Sources in the service suggest the aim of the China strategy is to avoid confrontation in order to further intelligence gathering and to have a more productive economic relationship with Beijing. More hardline interpreters of the Secret Intelligence Service will raise eyebrows at her suggestion that the “convening power” of the service would enable it to “ defuse tensions.”

But there was no doubt about Metreweli’s deep concern regarding the impacts of social media disinformation and distortion, in a framing that seemed just as worried about U.S. tech titans as about conventional state-led threats: “We are being contested from battlefield to boardroom — and even our brains — as disinformation manipulates our understanding of each other.”
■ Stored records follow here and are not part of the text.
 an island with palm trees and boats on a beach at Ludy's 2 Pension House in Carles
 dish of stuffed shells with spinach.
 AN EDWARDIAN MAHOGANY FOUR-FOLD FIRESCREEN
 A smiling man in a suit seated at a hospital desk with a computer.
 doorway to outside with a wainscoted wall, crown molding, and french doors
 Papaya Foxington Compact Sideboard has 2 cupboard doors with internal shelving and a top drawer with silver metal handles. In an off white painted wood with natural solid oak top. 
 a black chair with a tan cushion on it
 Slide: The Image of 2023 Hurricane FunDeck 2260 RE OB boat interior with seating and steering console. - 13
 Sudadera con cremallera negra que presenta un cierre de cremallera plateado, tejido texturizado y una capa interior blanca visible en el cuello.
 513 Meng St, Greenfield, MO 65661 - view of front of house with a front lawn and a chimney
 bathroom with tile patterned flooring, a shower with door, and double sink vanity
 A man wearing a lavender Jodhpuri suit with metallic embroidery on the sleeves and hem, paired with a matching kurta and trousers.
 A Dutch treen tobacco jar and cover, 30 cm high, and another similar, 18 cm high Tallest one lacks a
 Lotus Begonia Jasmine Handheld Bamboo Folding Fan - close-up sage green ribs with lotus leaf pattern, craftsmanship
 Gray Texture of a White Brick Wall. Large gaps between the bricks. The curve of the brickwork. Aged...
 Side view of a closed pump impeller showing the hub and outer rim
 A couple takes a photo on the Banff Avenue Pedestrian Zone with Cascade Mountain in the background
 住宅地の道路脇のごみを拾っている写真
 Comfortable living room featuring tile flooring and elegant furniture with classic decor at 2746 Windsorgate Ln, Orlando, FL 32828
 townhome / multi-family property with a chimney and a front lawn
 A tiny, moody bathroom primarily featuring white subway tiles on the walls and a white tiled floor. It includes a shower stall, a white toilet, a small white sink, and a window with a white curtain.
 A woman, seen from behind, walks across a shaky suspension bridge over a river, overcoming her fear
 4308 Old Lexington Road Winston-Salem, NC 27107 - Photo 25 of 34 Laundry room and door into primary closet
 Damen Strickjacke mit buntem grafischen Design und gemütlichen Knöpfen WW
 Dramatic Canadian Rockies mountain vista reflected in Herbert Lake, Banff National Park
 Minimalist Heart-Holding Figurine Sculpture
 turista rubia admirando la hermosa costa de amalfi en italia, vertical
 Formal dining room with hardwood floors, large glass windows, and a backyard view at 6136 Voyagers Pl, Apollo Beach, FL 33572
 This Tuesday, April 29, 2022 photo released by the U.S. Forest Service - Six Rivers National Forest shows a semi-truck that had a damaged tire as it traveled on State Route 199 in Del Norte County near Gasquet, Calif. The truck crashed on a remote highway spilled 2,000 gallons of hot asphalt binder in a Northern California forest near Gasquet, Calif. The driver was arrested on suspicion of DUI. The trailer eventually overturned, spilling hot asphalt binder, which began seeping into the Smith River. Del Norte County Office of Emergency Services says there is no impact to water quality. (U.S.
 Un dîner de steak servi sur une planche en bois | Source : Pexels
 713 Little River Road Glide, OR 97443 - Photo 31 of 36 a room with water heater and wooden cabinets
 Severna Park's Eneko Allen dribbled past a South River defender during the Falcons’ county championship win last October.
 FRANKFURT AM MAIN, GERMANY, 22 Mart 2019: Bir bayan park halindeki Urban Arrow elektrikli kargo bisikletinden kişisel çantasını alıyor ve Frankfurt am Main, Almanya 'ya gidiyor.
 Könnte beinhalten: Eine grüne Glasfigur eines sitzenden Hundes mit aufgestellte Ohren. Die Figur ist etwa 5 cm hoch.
Declaring that “some  algorithms become as powerful as states,” she seemed to tilt at outfits like Elon Musk’s X and Mark Zuckerberg’s Meta-owned Facebook. Metreweli warned that “hyper-personalized tools could become a new vector for conflict and control,” affecting societies and individuals in “minutes, not months — my service must operate in this new context too.”

The new boss used the possessive pronoun, talking about “my service” in her speech several times — another sign that she intends to put a distinctive mark on the job now that she has, at the age of just 48, inherited the famous green-ink pen in which the head of the service signs correspondence. 

Metreweli is an experienced operator in war zones including Iraq who spent a secondment with MI5, the domestic intelligence service, and won the job in large part because of her experience in the top job via MI6’s science and technology “Q” Branch. She clearly wants to expedite changes in the service — saying agents must be as fluent in computer coding as in foreign languages. She is also expected to try to address a tendency in the service to harvest information without a clear focus on the actions that should follow — the product of a glut of intelligence gathered via digital means and AI.

She was keen to stress that the human factor is at the heart of it all — an attempt to reassure spies and analysts wondering if they might be replaced by AI agents as the job of gathering intelligence in the era of facial recognition and biometrics gets harder. 

Armed with a steely gaze, Metreweli speaks fluent human with an occasional small smile. She is also the first incumbent of the job to wear a very large costume jewelry beetle brooch on her somber navy attire. No small amount of attention in Moscow and Beijing could go into decoding that.